Algérie: l’encadrement des médias est renforcé

Le jeudi 13 avril dernier, la presse algérienne a connu un nouveau tournant. Depuis 1962, jamais les médias algériens ne purent réellement profiter d’une totale liberté d’expression mais, en 60 ans d’indépendance, on peut affirmer que selon les époques et les dirigeants au pouvoir, ils furent ou totalement muselés ou partiellement tolérés.

Si dans les années 2000 une multitude de journaux ont pu se créer et jouer leur rôle de transmission de l’actualité, ces dernières années (et certainement depuis l’arrivée au pouvoir d’Abdelmadjid Tebboune) la prison pend au nez de quiconque tente une analyse un peu trop critique du régime. Pour légitimer encore mieux le muselage des journalistes, un projet de loi sur l’information et un renforcement de l’encadrement de l’action des journalistes ont été étudiés par la chambre basse du Parlement.

Le projet de loi envisage «de nouvelles sanctions en cas d’infraction». Qu’est-ce qu’une infraction selon le prisme des initiateurs de la loi si ce n’est de rendre publics les faits de corruption (secondaire religion en Algérie), les drames sociaux, la pauvreté galopante, la crise du chômage, l’inflation, les règlements de compte intramilitaires au plus haut sommet de l’état, etc.

Parmi les principales dispositions du texte, figure notamment une interdiction aux médias algériens de bénéficier de tout « financement » ou « aide matérielle directe et indirecte de toute partie étrangère » sous peine de « sanctions pénales prévues par la loi ». Une amende pouvant aller jusqu’à près de 14.000 euros est également prévue.

Si le texte stipule que « le secret professionnel constitue un droit pour le journaliste conformément à la législation et à la réglementation en vigueur », il précise que le journaliste est tenu de révéler ses sources à la justice si elle l’exige.

Autre disposition, la nouvelle loi exclut de facto les binationaux du droit de détenir ou d’être actionnaires d’un média en Algérie.

Cet article a fait débat entre les sénateurs, certains soulignant le paradoxe entre le fait que les binationaux sont courtisés pour les élections ou encore l’investissement en Algérie, mais empêchés d’accéder au capital des médias. Plusieurs sénateurs ont aussi déploré l’absence de textes d’application devant accompagner ce projet de loi.

Le président du Sénat, Salah Goudjil, a lui-même noté, en français, que « le diable est dans les détails », en évoquant l’absence des textes d’application.
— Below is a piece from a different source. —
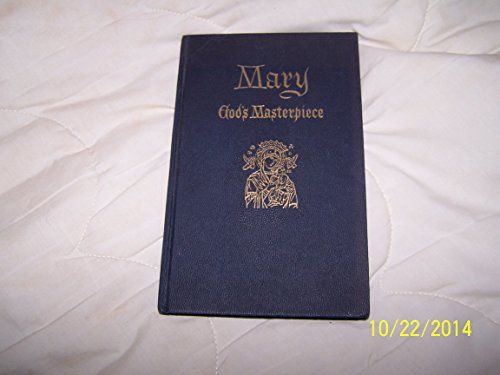 Mary God's Masterpiece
Le projet réitère l’obligation déjà existante pour les journalistes d’obtenir une « accréditation » pour travailler en Algérie pour des médias étrangers, en l’assortissant d’une amende pouvant aller jusqu’à un million de dinars (près de 7.000 euros) pour « toute personne exerçant l’activité en Algérie pour le compte d’un média de droit étranger sans l’accréditation ».

Ce projet de loi sera le premier texte réglementant le travail des médias à être adopté sous le mandat d’Abdelmadjid Tebboune arrivée au pouvoir fin 2019.

Le paysage médiatique en Algérie n’a jamais atteint un tel niveau de dégradation. Les médias indépendants travaillent dans des conditions de pression étouffantes. Plusieurs journalistes sont  emprisonnés et il faut savoir  que l’Algérie figure à la 134e place sur 180 pays au classement mondial de la liberté de la presse établi par Reporters sans Frontières (RSF) en 2022.

Le 2 avril, le patron de presse algérien Ihsane El Kadi, poursuivi pour « financement étranger » de son entreprise, a été condamné à cinq ans de prison dont trois fermes. Les menaces et intimidations dont sont victimes les journalistes algériens rendent l’exercice de la profession de plus en plus compliqué.

Comme le disait déjà Thomas Jefferson, 3e président des États-Unis dans sa « Déclaration d’Indépendance » en 1776 : “Notre liberté dépend de la liberté de la presse, et elle ne saurait être limitée sans être perdue.”